Plans are made to send a spacecraft from Earth to a nearby start 10 light years away. The system support will last one year and one day. The trip is one way trip.

a) What speed must the craft travel to arrive at the star with battery power for one day to make the measurement? (aka, you have one year.)

b) For the reference frame with the spacecraft , what is the distance between the Earth and the star? (so how far does it go that it measures?)

Homework Equations

As far as I know only
$$t'=(t-vx/c^2)\gamma$$
$$x'=(x-vc)\gamma$$
$$\gamma=(1-v^2/c^2)^{-1/2}$$

The Attempt at a Solution

Well, from what I can gather the Earth is in the x' frame and the spacecraft is in the x frame.
So t=1, and x' = 10ly

solving the t' equation for t , then pushing it into the x' equation I get (assuming I didn't make any silly mistakes)
$$x'=(x(1+v^2/c^2))\gamma-vt'$$
which won't work because I have two unknowns, (x and v). solving the other way around (first x' for x, then putting it into the t' eqn) I get
$$t'=(t(1+xv^2/c^2))\gamma-x'v^2/c^2$$
which predictably arrives at the same conclusion.

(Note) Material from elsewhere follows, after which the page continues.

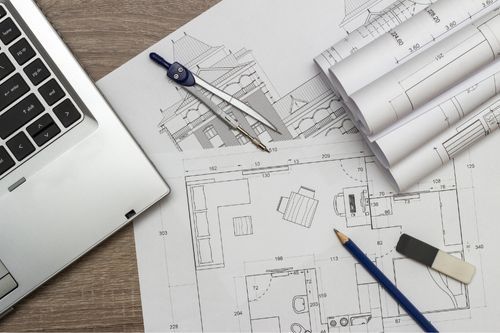 A laptop computer is sitting on top of a wooden table next to a bunch of drawings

So my approach is wrong, but I can't figure out how else to approach it.

 

[lightgrav]

no, I think the supplies are consumed in 1 year of *proper time* in the spaceship.
The duration t2' -t1' ... (=Dt') has to be gamma factor *shorter*
than the time in any other reference frame.

 

[msimmons]

I'm not sure I understand what you mean.
I know the 1 year is in proper time of the spaceship, but I thought that would make it the unprimed frame and the Earth the primed frame. is that backwards?

 

[lightgrav]

the time interval between any two events is *dilated* in all *non-proper* frames.
The first equation you have for your PRIMED frame has :
(t2' - t1') = (t2g -vxg ) - (t1g - vxg ) ... ~ (t2 - t1)g , so IT is dilated by gamma.

 

[astromaestro]

Ok, forget primed and unprimed and just think of SR principles. The distance to the star in the Earth frame is 10 LY. However, in the spaceship's frame, the ruler used to measure that distance will be length contracted, so the astronauts will say that they are traveling a shorter distance, namely $$\frac{10 LY}{\gamma}=10 LY\sqrt{1-\frac{v^2}{c^2}}$$. The fuel supply gives one year in the rocket's frame. So both the mission control on Earth and the astronauts on the rocket will agree on their relative speed, so let's just invoke the simple kinematic equation $$v=\frac{d}{\Delta t}$$ which applies in both frames but we must be sure to use $$d$$ and $$\Delta t$$ for the same frame. From earth, the rocket travels a longer distance for a longer time, and from the rocket, it travels a shorter distance for a shorter time, but still at the same speed. So we have $$v=\frac{10 LY\sqrt{1-\frac{v^2}{c^2}}}{1 yr}\Longrightarrow v=\sqrt{\frac{100}{101}}c$$. Does that make sense?